Text mining, text analytics and content analysis
Text data mining (TDM) by text analysis, information extraction, document mining, text comparison, text visualization and topic modelling
The search engine extracts automatically texts of different file formats and uses grammar rules (stemming) to index and find different word forms.
On this base and index you can search, review, filter, analyze and mine content with different text mining, analysis, extraction, data mining and clustering methods.
So you can use the search engine not only for information retrieval by full text search to search and find known issues or to get structured data from unstructured data sources or texts by information extraction. It can be used as integrated text mining toolbox for text datamining (TDM) for semi-automated or automated text analysis, document mining, text comparision, text visualization and topic modelling to get useful analysis results even of unknown data sources.
Search and filter the interesting documents
If you don't want to analyze all indexed documents, you can search and filter the context you want to mine and analyze.
Words: Word list and word cloud
The view Words (option of the tab/button Analyze) shows you the words which are contained in the most documents of the results of your search context (documents matching your search query and filters).
If you do not enter a search query and don't use a filters it shows the words which are contained in the most of all indexed documents.
The number shows you how many documents (matching your search query and filters or if no search query or filter of all documents) use this word.
If you click on a word, this word will be added as an additional filter.
The words are visualiszed as a word cloud. The more documents containing the word, the bigger it is in the visualization
Aggregated overviews of extracted structured informations, named entities and concepts for exploratory search (thesaurus based, ontonologies based and machine learning for automatic classification based faceted search)
With the faceted search you can see an aggregated overview for the different facets like paths, concepts, persons, locations or organzations showing, how many documents matching the named entities.
This structure will be generated and facets/fields are valued with data from the following analysis:
- Lists of Named Entities: Listed known named entities like organizations, persons, locations or concepts. They can be [managed in plaintext lists, databases, ontologies, thesauri or in the [thesaurus user interface](../../datamanagement/thesaurus) for dictionary based or thesaurus based text mining and thesaurus based faceted search](../../datamanagement/ontologies)
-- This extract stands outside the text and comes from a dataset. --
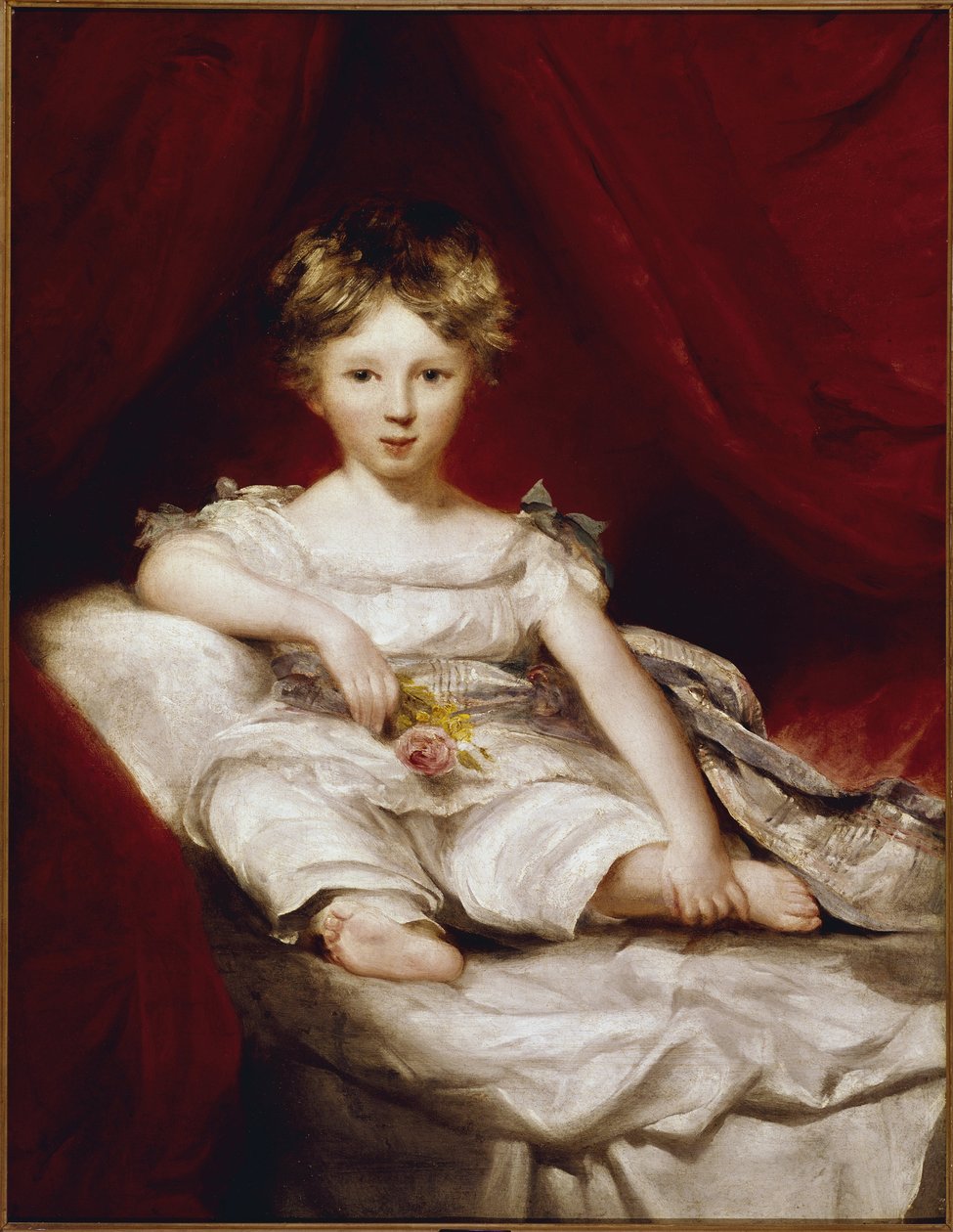 Ainslie mester portréja - Ainslie mester portréja - Sir Thomas Lawrence (1769-1830) festménye, olaj, vászon, 90x70 cm alkotó: Thomas Lawrence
- Annotation & Tagging: Tags from (collaborative) annotations and tagging
- Text patterns (Regular Expressions): Extraction of structured data or data enrichment with text patterns (regular expressions) can extract informations like email-adresses or amounts of money. They are added to facets like Email adresses, From:, To: or money.
- Named entity extraction or Named entity recognition (NER) of even yet unknown entities like persons, organizations or locations by automatic classification of this text parts by machine learning on an annotated training corpus model .
Topic modelling (clustering and differences)
Please donate so we can implement this sooner):
Topic modelling (clusters of topics what about documents are)
What are the contents about? What are the most common topics in the whole, selected or filtered document set?
Coocuration (Connected words): Which words occure together (Bigrams/Trigrams/N-Grams)?
What is special in comparision with another text or document set ? See "Compare text or part of the corpus with other text or part of corpus".
Similarity ("more like this")
Please donate so we can implement this sooner):
Search with a whole document or text as a search query:
If not yet, index your document which should be used as search query.
Search for that document (i.e. by filename).
Find similar text or documents about the same topics by clicking on "more like this".
Direct text comparision: Differences of two text versions (visualization of added, deleted or copy pasted parts)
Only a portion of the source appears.